• Task description: Retype the lines below exactly, but only those from the line that has "This right here" through the line that has "Hey folks, Sean". Omit every picture.

======== Records for the task ========

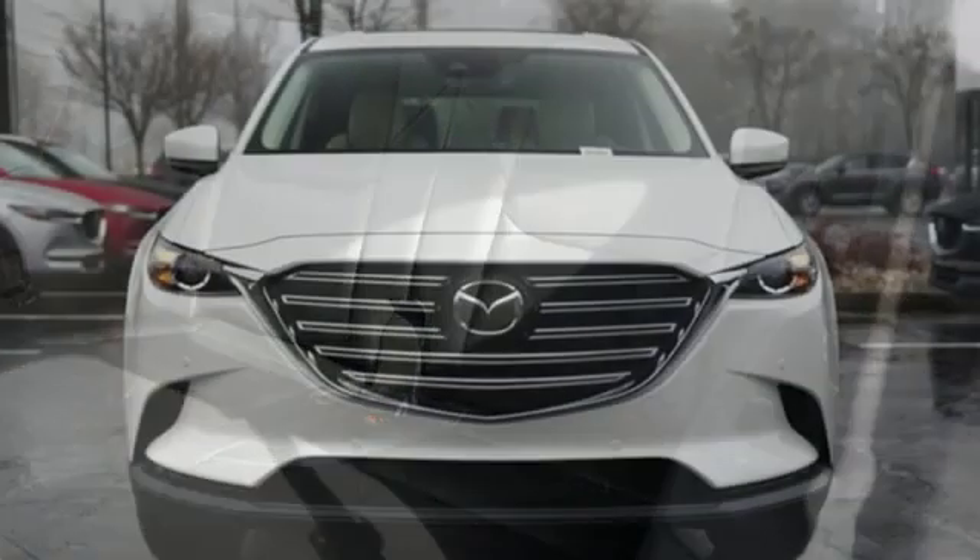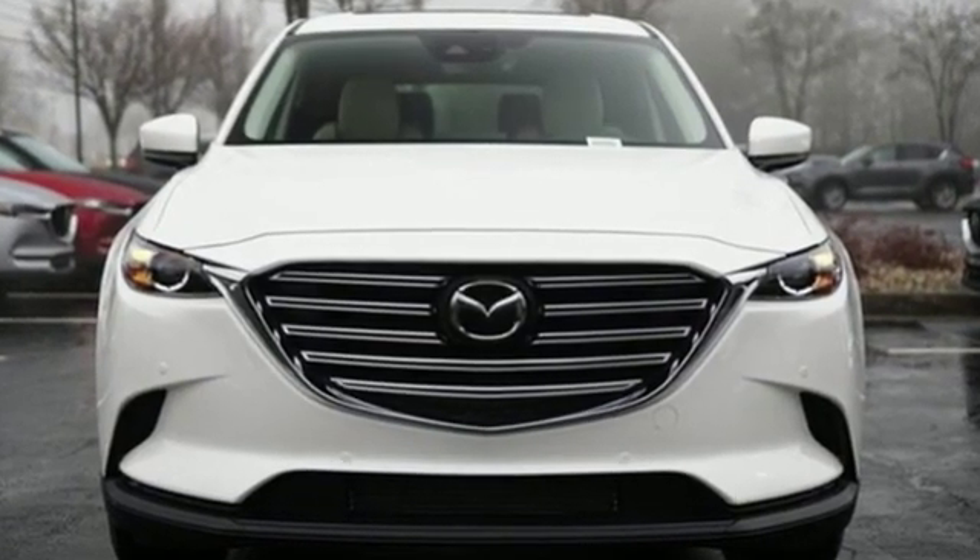For all the things that drive you, there's Mazda. See it for yourself when you take it for a test drive.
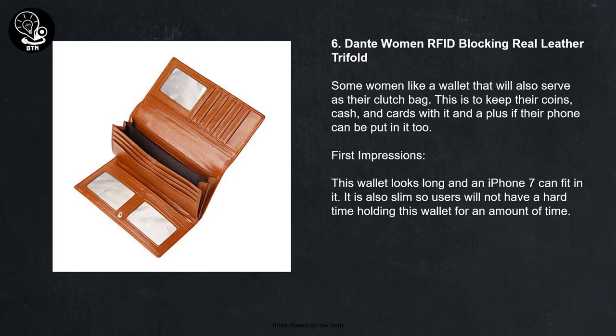6. Dante Women RFID Blocking Real Leather Bifold Wallet. Some women like a wallet that will also serve as their clutch bag — to keep their coins, cash, and cards, with a plus if their phone can fit in it too. This wallet looks long and an iPhone 7 can fit in it. It is also slim, so users will not have a hard time holding it.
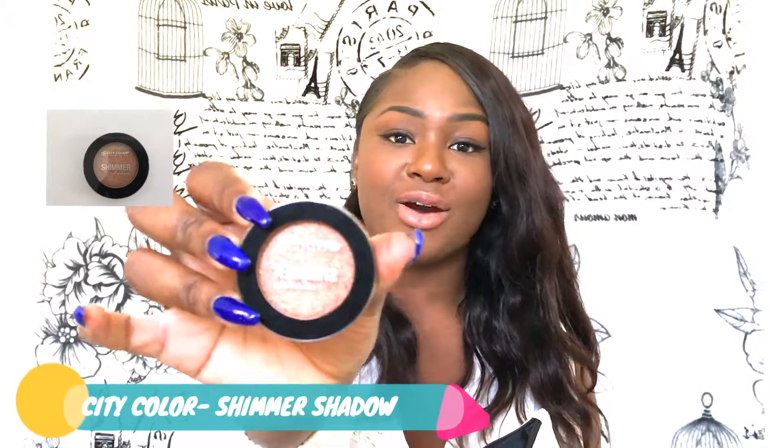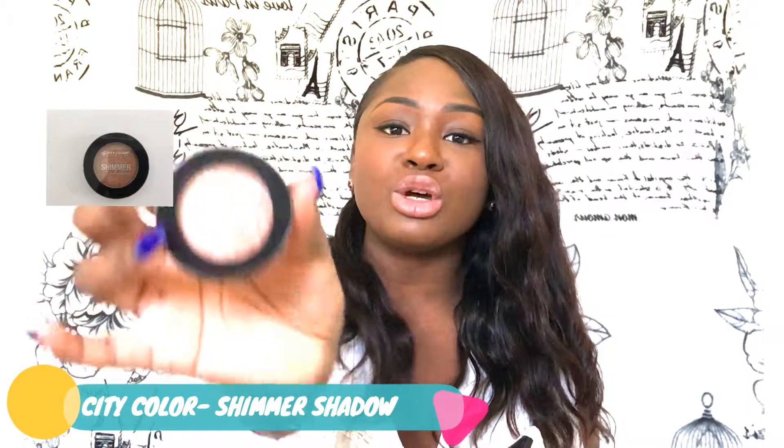This right here is a shimmer — it's by City Color Cosmetics. You see that? It's a rose gold, not a regular type of gold but actually a rose gold, which is super nice. I think this would actually go together really well.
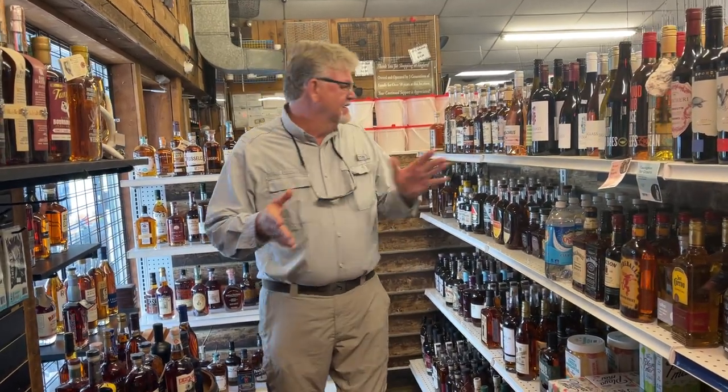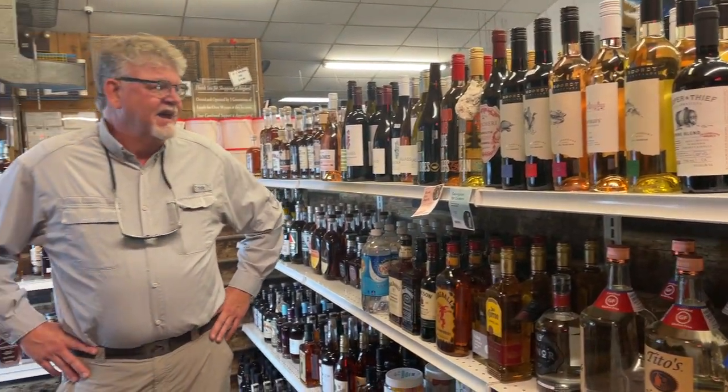Hey folks, Sean Kimbrough here with Chesapeake Lake Tackle. I'm feeling right at home here at Angler's Whiskey Cellar — a brand new section of the store. Just look at this selection. This is not your average run-of-the-mill bourbon and rye whiskey. They've got some really nice wines too, but this is some top-shelf stuff, and if you know me, you know I like my whiskey.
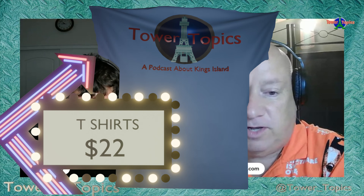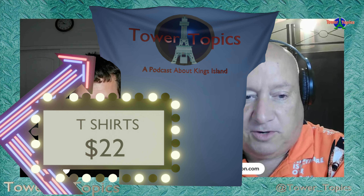Enough about lanterns — let's talk about Tower Topics t-shirts. They come in Carolina blue, any size, just $22 including shipping. Message us on X at tower_underscore_topics, comment on YouTube, or send an email through themeparksbydon.com. Once we hear from you, we'll send the QR code, and once the transaction goes through it's just a matter of days before you get your shirt. It's a very comfortable shirt.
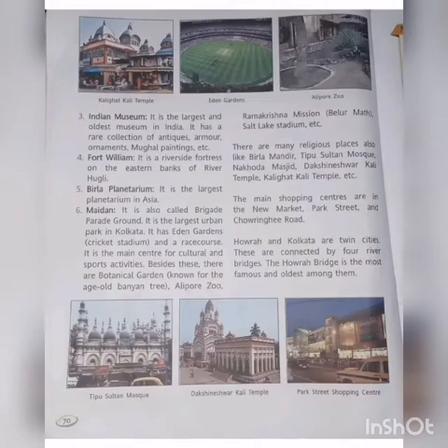Besides these, there are Botanical Gardens, Alipur Zoo, Ramakrishna Mission, Salt Lake Stadium, etc.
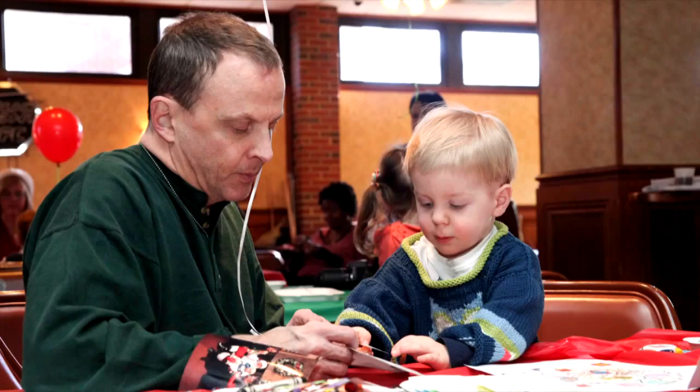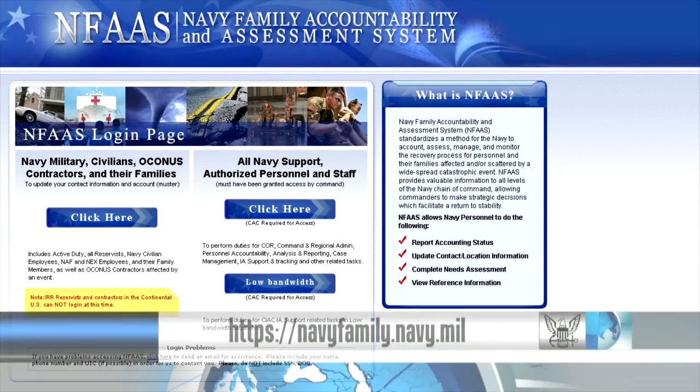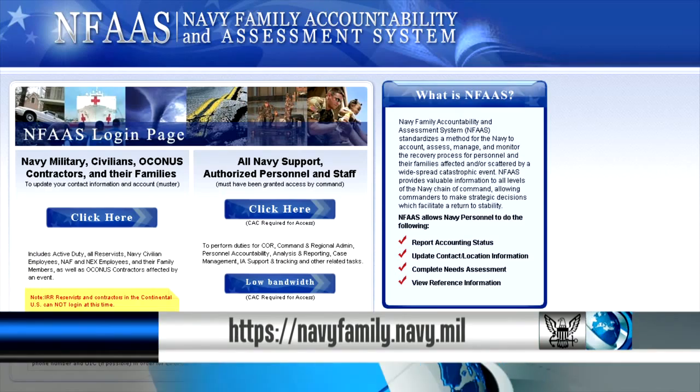If you're enrolled in the Exceptional Family Member Program, or EFMP, you need to check your enrollment status. More than 25% of enrolled family members have an expired status, which causes delays in the assignment process. Go to navyfamily.navy.mil to check your enrollment status.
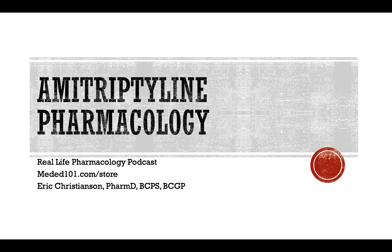Go check out reallifepharmacology.com. You won't be disappointed. I've got a free 31-page PDF on the top 200 drugs. It's a great little study guide. I throw in some of the most common clinical practice things you'll see. And if you are preparing for board exams, I also throw in a lot of top clinical pearls that you might often be tested on. So definitely go check that out. Get it for free just for subscribing to the podcast.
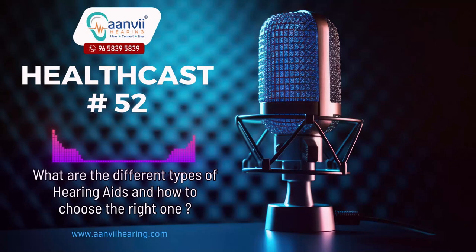Hello everyone, welcome to Anvi Hearing. Today I am going to tell you about different types of hearing aids and how to choose the right one.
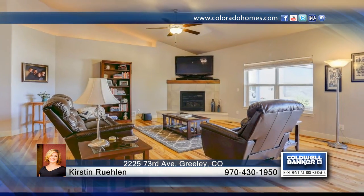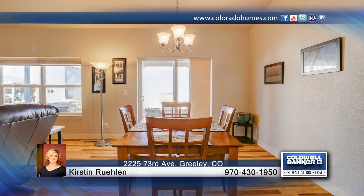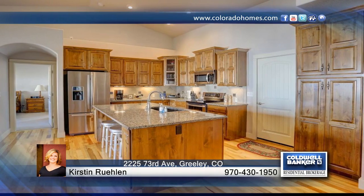Better than new, this beautiful three-bedroom, two-bath ranch floor plan is very inviting and ready to be yours. This home has been completely upgraded with amazing extras.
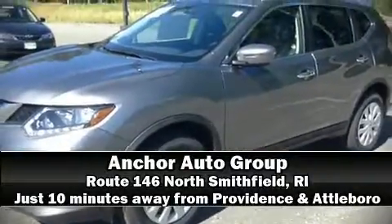Our sales reps are knowledgeable and professional. Stop in and take a test drive.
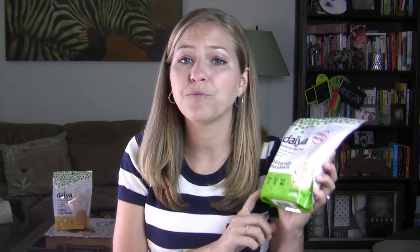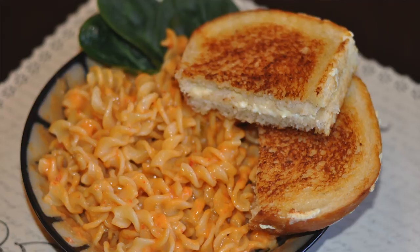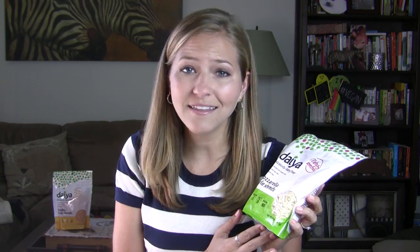But these actually work great on pizza, grilled cheese sandwiches, quesadillas, macaroni and cheese — anything where you're trying to get that gooey and cheesy consistency and flavor. Daiya really just nailed it, and these work perfectly.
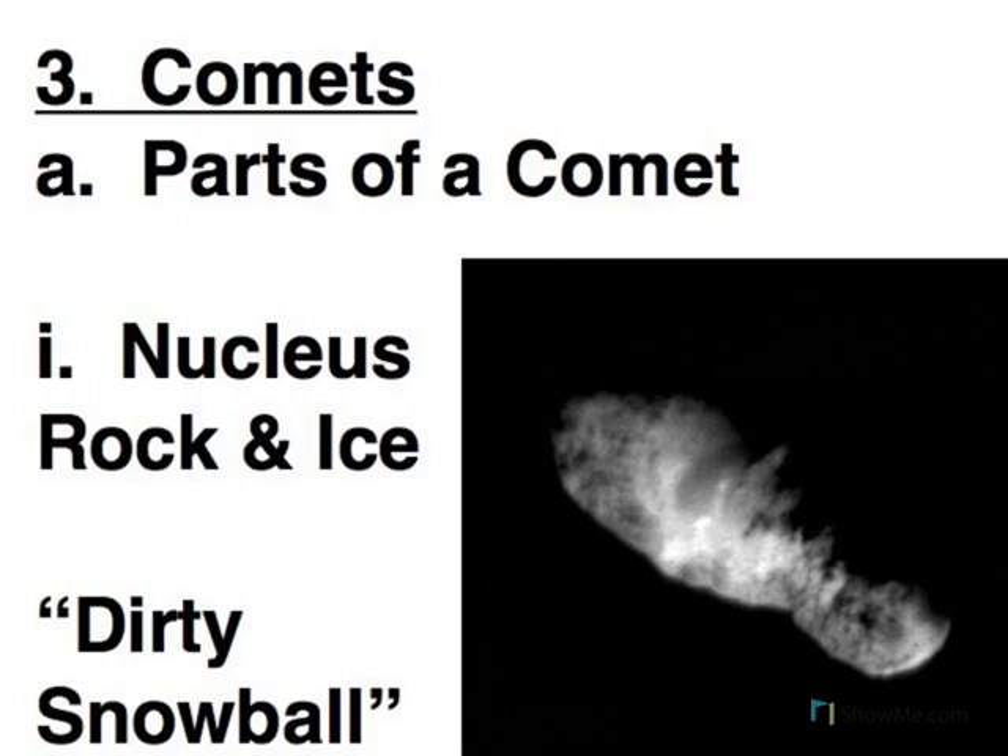When we talk about comets, one of the things we need to discuss is their composition and the parts of a comet. What we see here is called the nucleus of a comet. The vast majority of the time, this is all there is to a comet — a large lump of rock and ice, sometimes called a dirty snowball.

========

• Task output:
This right here is a shimmer — it's by City Color Cosmetics. You see that? It's a rose gold, not a regular type of gold but actually a rose gold, which is super nice. I think this would actually go together really well.
Hey folks, Sean Kimbrough here with Chesapeake Lake Tackle. I'm feeling right at home here at Angler's Whiskey Cellar — a brand new section of the store. Just look at this selection. This is not your average run-of-the-mill bourbon and rye whiskey. They've got some really nice wines too, but this is some top-shelf stuff, and if you know me, you know I like my whiskey.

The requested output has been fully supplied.